Es tierra de nadie. Todos temen hablar de esas bandas que imponen el orden a punta de miedo y a quienes los mineros, los molinos de piedras y las bodegas (pequeñas tiendas), deben pagar regularmente la “vacuna”, como llaman a la extorsión.
“Uno se acostumbra. El que se come la luz (viola las reglas), el que roba, lo matan o le dan una paliza. Aquí hay un grupo, no entra otro. Cada quien tiene su territorio”, describe Argenis.
Los mineros afirman que “a las minas se entra, pero no se sabe si se sale vivo”. La masacre de 28 obreros hace un año en Tumeremo, vecino de El Callao, está fresca en la memoria de los pobladores.
“Los guardias entran de vez en cuando, pero ellos (los delincuentes) andan tranquilos. Es como si fuera un gobierno paralelo”, asegura otro minero bajo anonimato, sobre la corrupción de militares y policías.

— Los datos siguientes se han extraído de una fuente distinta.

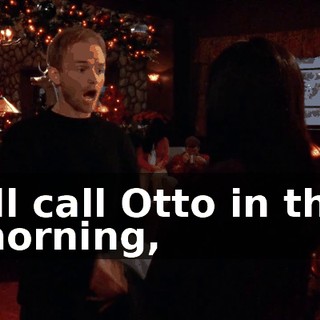 d1768340-051a-40d7-bd3c-c0b878906d1c.gif
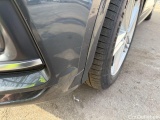  Audi  Q5  50 TFSI e quattro sport 2.0 TFSI 220KW AT7 E6dT #69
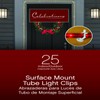 Celebrations Light Clip 25CT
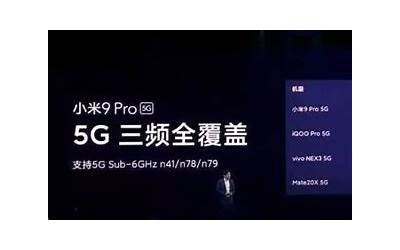 财联社9月5日电，中芯国际H股午后持续走弱，现跌超5%。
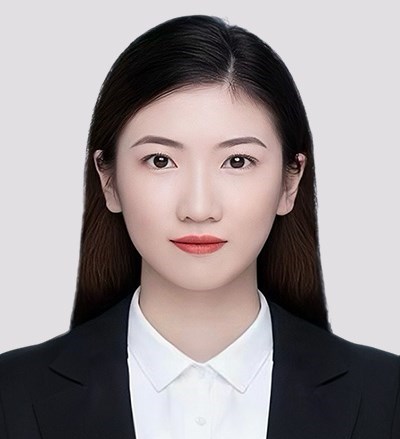 杜曼筠律师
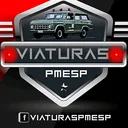 @viaturaspmesp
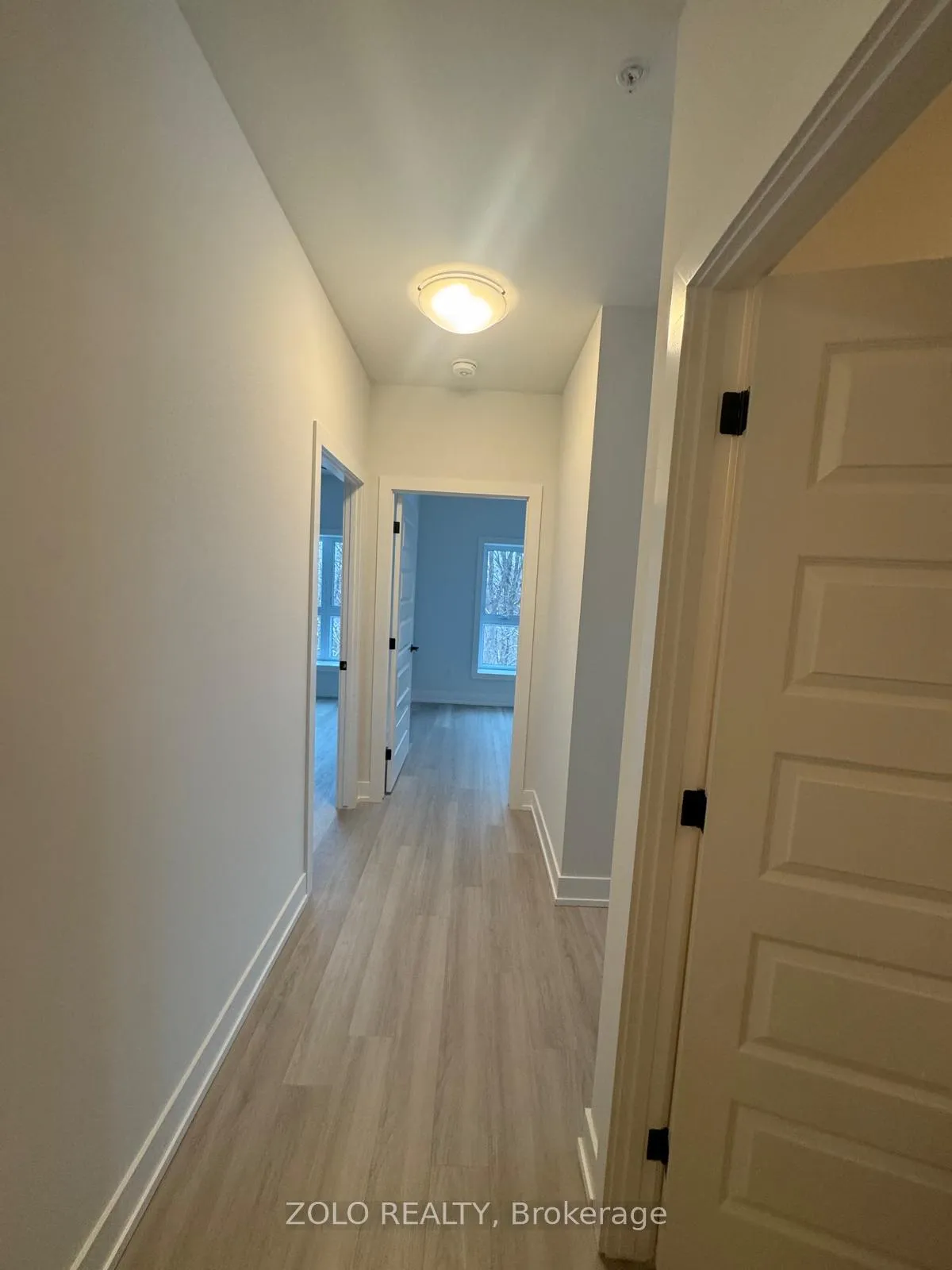 Photo 16 of Unit 419, 1100 Lackner Place, Kitchener — HOMEH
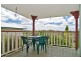 8 Yvonne Street, Nambour QLD 4560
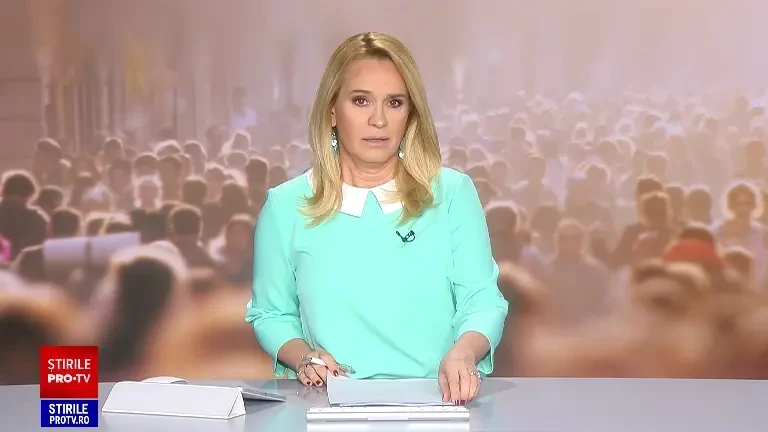 Cartea electronică de identitate poate fi solicitată şi în Bucureşti. Ce se întâmplă cu amprentele de pe noul buletin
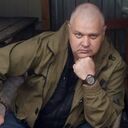 ���������� �������, ���� ������� ����, 58 ���, ������������ ��� ������, ����� � ���������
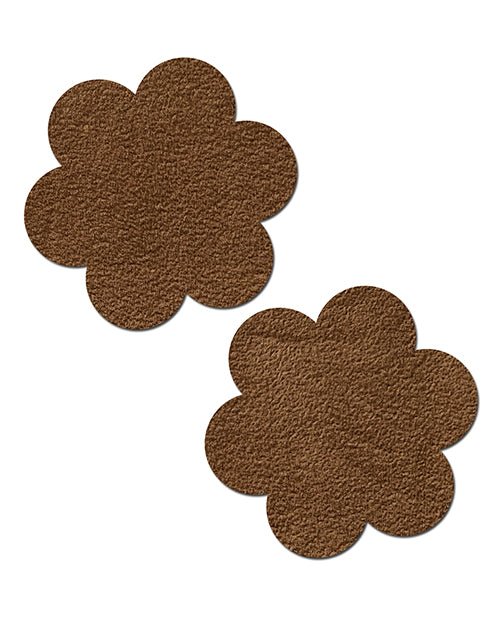 Pastease Daisy | Shop Lowest Prices at Funlove.com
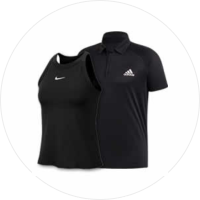 Category: Black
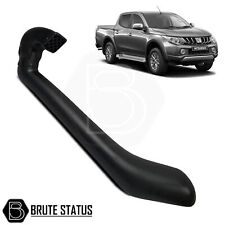 Snorkel mitsubishi l200 for sale  STAFFORD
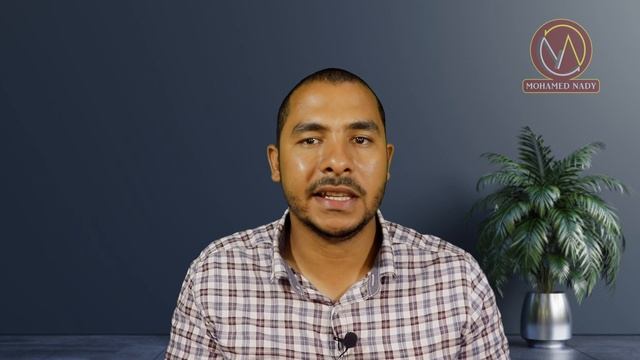 الأسماء المعدودة والغير معدودة | countable and uncountable Nouns смотреть онлайн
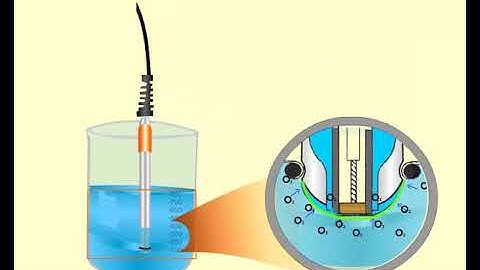 DissolvedOxygenSensor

Venezuela producía legalmente 14,7 toneladas de oro en 2006 y en 2015 menos de una tonelada (de un total mundial de 3.000).
Según Luis Rojas, presidente de la Cámara Minera, del 85% al 90% de la producción “es ilegal, principalmente bajo control de mafias”. El gobierno impulsa un plan para reactivar la explotación.
Fiebre de oro
Armados de picos, palas y cinceles, cargando sus bateas como sombrero, hombres y mujeres desbordan diariamente los camiones hacia las minas. Muchos otros, incluso con familia, duermen en campamentos maltrechos.
Son unos 50.000, según Rojas, que llegan de toda Venezuela empujados por el alza en los precios del oro en un contexto de profunda crisis económica causada por el desplome de las cotizaciones del petróleo.
Poco importa si se es obrero o profesional. Argenis dejó hace tres años su trabajo de mecánico industrial y a sus cinco hijos en Guaracaro, Bolívar. “Uno arriesga la vida, pero mi profesión no me daba para que comieran y estudiaran”, aseguró.
Cuando les va mal, dicen los mineros, sacan unos 260.000 bolívares al mes -95 dólares en el mercado negro o cuatro veces el salario mínimo-, pero pueden incluso llegar a un millón (360 dólares) o más.
Bajo un rústico cobertizo de madera, al que se llega por callejuelas de barro, Jorge Sánchez tritura y lava su material en un molino de La Ramona. Sacos de piedra y una semana de trabajo con su hermano quedarán reducidos a pequeñas porciones del codiciado mineral.
La expectativa enciende su rostro veinteañero. Las llamas de un soplete hacen aparecer el tono dorado del metal. Orgulloso, muestra luego en su mano morena la pepita de 10,35 gramos.
Por cada gramo le darán 90.000 bolívares (33 dólares) en las casas de compra de oro que abundan en estos pueblos de calles polvorientas.
Retando a la muerte
Para los mineros todo vale la pena. Poco importan los padecimientos de la malaria que ataca sin clemencia en las minas, cuyos pozos son criaderos gigantes del mosquito transmisor de esta enfermedad que dejó 232.000 nuevos casos en el país en 2016, según la Sociedad Venezolana de Salud Pública.
“¡No queda otra!. Como caletero (estibador) no podía mantener a tres hijos. Llegué hace cuatro meses, pese a los riesgos. Ahora les mando 150.000 mensuales (55 dólares)”, dice Gilberto Urrieta, de 32 años, en la fila de mineros demacrados que van a examinarse al centro antimalaria de Tumeremo.
Aunque Venezuela ya había erradicado la enfermedad hace medio siglo, 18 de los 24 estados hoy tienen la epidemia, propagada por la población minera flotante.
Para Jorge, la minería es un reto a la muerte: “Nos mata un derrumbe, la malaria o los malandros. He visto morir a varios. La mina no es para todo el mundo”.
Ender está convencido de que es para él. “Dejé la escuela por la mina. Mi mamá dice que esto no es vida, pero no puedo dejarla porque con eso la ayudo. A mi papá ni lo conozco”, confiesa.
Su sueño es tener un molino. “Estoy muy joven, quiero disfrutar la vida; pero a todos les llega la hora. Uno se muere y ya sabe pa’donde va”, dice mientras vuelve a hundirse en la soledad del socavón.